Inoltre, nella nostra esperienza in Sri Lanka, non abbiamo mai avuto problemi che non potessero essere risolti direttamente con i nostri partner di produzione. Sette dei nostri partner in Sri Lanka sono certificati Fair Trade USA, il che significa che Patagonia paga un premio destinato direttamente ai lavoratori di queste fabbriche. Patagonia si assume proattivamente anche una responsabilità per i diritti, la salute e la sicurezza dei lavoratori che realizzano i prodotti del marchio nelle fabbriche, negli stabilimenti e nelle aziende agricole e ha istituito diversi programmi di monitoraggio accreditati e continui per garantire il loro benessere.

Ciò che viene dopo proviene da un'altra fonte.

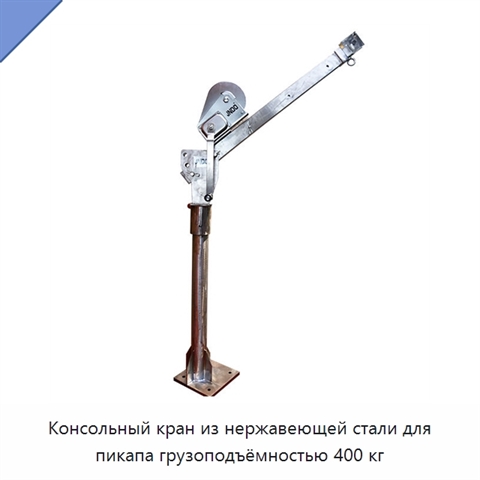 Консольный кран из нержавеющей стали для пикапа грузоподъёмностью 400 кг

Monitoriamo regolarmente i nostri partner della filiera produttiva, direttamente e attraverso organizzazioni come Fair Trade, Better Work ILO e Fair Labor Association. Se riscontriamo problemi, collaboriamo con i nostri partner per implementare soluzioni efficaci e durature, come nel caso del nostro impegno per eliminare le tasse per i lavoratori migranti.

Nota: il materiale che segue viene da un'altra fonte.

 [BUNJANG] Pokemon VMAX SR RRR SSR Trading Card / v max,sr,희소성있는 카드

a sempre accogliamo con favore ogni tipo di valutazione e osservazione, in ogni aspetto della nostra attività, e siamo i primi critici di noi stessi quando si tratta di migliorare la nostra azienda e di contribuire a far progredire l’intero settore in cui operiamo. Lo facciamo perché sappiamo che ridimensionare il nostro impatto può portare ai migliori risultati possibili per i lavoratori di tutta l’industria dell’abbigliamento.

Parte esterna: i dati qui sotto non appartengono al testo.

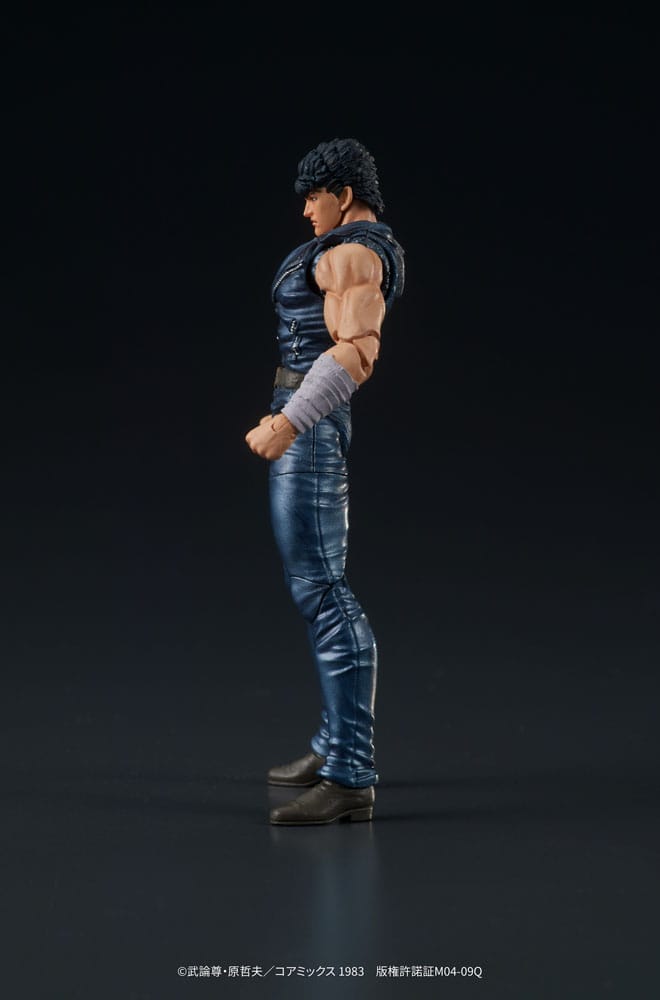 Fist of the North Star Digaction Action Figure Kenshiro 8 cm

*Regal Image e Shadowline non sono partner per la produzione di prodotti finiti per Patagonia. Regal Image è stato esaminato ed è un partner approvato per gli articoli che richiedono un preciso procedimento di stampa, ma non ha ancora contribuito alla realizzazione di nessun prodotto Patagonia venduto (solo alla realizzazione di una quantità limitata di campioni). Shadowline è una divisione di MAS Active, partner di lunga data di Patagonia, per i prodotti che richiedono una stampa. MAS Active è certificata Fair Trade USA.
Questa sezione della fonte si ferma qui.